(Scraped caption text data)
#####

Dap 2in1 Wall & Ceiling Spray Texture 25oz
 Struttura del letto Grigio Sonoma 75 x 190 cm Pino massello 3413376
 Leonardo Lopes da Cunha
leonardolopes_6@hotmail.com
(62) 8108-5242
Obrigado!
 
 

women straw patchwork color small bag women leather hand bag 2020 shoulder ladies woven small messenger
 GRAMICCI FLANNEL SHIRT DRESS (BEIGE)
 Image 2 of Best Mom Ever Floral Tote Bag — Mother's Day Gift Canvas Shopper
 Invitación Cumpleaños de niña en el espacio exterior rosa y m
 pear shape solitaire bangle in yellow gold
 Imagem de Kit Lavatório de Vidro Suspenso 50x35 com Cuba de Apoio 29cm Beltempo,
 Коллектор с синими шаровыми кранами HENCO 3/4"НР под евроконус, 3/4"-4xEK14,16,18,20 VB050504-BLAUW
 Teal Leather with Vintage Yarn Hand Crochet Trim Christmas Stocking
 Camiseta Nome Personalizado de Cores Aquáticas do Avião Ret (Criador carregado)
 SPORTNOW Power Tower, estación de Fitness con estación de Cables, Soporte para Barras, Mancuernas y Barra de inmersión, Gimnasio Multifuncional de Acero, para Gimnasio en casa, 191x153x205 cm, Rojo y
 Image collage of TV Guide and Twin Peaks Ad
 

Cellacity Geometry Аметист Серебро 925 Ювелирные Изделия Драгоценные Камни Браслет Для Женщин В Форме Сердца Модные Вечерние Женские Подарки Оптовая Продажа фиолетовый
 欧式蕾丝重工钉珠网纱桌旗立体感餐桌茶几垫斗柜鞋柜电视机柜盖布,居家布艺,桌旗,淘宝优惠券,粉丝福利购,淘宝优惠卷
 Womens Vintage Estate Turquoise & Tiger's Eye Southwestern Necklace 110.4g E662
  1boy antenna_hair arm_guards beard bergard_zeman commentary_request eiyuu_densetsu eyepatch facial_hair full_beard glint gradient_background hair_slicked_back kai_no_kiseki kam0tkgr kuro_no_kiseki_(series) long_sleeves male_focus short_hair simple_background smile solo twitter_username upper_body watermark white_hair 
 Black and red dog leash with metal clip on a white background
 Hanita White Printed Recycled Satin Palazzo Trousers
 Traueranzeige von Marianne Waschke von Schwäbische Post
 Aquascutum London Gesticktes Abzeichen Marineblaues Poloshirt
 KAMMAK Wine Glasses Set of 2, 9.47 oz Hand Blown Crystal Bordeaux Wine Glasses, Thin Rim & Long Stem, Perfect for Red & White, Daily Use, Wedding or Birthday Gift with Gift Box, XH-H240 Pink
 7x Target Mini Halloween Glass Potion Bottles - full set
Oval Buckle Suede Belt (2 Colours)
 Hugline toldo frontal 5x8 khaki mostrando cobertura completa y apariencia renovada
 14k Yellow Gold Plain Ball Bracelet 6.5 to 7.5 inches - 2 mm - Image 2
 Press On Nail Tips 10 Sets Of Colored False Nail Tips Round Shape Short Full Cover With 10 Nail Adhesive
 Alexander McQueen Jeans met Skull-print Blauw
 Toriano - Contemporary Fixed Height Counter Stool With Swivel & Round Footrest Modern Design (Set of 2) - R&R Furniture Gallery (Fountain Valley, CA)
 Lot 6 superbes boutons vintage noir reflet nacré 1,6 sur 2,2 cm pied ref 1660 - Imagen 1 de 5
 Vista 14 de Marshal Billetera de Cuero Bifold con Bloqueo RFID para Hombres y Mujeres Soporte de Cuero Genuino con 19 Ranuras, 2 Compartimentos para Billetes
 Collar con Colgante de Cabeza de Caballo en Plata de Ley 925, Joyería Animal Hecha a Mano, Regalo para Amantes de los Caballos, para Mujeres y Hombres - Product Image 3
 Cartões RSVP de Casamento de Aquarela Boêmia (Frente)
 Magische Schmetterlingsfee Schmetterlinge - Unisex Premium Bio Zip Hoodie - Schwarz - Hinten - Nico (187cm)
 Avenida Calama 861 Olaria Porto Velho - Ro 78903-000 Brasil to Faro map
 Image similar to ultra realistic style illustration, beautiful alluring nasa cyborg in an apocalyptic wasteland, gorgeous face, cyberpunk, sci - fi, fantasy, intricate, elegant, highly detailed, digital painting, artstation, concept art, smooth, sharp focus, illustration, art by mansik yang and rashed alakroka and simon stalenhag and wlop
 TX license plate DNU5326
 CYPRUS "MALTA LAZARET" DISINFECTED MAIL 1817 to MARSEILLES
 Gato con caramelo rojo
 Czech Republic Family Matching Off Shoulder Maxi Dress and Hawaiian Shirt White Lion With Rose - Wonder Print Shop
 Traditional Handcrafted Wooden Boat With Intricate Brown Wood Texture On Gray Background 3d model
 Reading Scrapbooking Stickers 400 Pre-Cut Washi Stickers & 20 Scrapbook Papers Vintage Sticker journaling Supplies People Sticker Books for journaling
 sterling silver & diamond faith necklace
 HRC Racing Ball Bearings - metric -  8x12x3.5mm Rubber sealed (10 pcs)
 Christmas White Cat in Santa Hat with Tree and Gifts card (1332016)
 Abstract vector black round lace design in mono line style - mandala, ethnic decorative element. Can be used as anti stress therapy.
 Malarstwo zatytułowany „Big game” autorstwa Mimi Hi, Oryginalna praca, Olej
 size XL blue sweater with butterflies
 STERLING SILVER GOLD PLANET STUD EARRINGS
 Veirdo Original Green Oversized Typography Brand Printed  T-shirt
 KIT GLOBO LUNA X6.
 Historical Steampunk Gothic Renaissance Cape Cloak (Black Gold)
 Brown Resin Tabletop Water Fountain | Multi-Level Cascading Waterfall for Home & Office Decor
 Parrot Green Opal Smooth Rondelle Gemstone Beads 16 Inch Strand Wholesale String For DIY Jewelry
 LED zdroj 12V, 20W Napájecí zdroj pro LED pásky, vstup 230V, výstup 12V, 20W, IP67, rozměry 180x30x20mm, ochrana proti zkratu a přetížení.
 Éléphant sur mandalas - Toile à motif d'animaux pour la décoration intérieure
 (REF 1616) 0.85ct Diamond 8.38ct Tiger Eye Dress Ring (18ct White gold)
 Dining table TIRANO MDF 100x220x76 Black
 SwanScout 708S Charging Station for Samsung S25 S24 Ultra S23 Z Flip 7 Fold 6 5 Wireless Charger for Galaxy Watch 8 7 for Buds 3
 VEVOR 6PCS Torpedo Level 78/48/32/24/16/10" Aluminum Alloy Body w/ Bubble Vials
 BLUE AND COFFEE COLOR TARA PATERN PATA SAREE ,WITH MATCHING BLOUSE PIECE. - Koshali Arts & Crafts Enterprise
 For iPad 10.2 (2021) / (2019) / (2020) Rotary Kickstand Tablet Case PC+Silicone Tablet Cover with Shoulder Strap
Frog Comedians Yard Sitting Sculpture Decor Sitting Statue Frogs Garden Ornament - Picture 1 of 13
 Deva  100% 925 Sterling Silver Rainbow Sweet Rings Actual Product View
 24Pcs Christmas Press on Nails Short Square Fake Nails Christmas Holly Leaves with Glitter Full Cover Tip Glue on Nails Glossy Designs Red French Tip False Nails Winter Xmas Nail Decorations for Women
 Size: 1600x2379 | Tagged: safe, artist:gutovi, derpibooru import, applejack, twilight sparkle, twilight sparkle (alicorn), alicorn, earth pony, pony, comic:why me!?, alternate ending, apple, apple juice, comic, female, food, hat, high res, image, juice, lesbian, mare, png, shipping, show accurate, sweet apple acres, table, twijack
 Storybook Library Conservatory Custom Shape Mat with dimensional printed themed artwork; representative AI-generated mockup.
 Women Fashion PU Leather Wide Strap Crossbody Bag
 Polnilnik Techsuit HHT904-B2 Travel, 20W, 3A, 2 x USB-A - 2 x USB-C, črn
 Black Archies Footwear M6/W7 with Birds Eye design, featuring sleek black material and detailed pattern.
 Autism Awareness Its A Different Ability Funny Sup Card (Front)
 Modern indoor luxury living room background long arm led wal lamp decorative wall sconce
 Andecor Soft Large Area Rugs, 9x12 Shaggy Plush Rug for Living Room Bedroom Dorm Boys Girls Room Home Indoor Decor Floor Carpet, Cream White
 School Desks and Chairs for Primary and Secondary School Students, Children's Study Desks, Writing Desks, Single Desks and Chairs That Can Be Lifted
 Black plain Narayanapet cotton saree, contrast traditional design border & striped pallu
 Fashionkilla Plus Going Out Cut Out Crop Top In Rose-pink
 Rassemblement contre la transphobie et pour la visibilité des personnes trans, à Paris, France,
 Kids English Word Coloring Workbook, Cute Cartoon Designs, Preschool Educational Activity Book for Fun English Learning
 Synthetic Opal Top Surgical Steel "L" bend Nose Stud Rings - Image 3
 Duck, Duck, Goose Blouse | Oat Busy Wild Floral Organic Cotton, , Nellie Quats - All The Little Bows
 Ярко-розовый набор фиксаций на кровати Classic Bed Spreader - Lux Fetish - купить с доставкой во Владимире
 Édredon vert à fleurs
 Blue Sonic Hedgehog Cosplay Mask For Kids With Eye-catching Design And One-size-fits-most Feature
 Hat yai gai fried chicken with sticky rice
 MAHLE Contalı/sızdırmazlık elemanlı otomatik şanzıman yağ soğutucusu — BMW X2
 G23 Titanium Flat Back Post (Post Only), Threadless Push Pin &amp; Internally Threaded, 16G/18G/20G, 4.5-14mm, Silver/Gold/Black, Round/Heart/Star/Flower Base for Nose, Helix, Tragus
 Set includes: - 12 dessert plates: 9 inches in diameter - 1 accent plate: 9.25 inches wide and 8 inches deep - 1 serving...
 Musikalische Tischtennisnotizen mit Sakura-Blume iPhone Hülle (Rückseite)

#####

Work to be completed. Please copy the lines above from the line with "Struttura del letto" up to and including the line with "Invitación Cumpleaños de", exactly as written and with nothing else.

Task output.
 Struttura del letto Grigio Sonoma 75 x 190 cm Pino massello 3413376
 Leonardo Lopes da Cunha
leonardolopes_6@hotmail.com
(62) 8108-5242
Obrigado!
 
 

women straw patchwork color small bag women leather hand bag 2020 shoulder ladies woven small messenger
 GRAMICCI FLANNEL SHIRT DRESS (BEIGE)
 Image 2 of Best Mom Ever Floral Tote Bag — Mother's Day Gift Canvas Shopper
 Invitación Cumpleaños de niña en el espacio exterior rosa y m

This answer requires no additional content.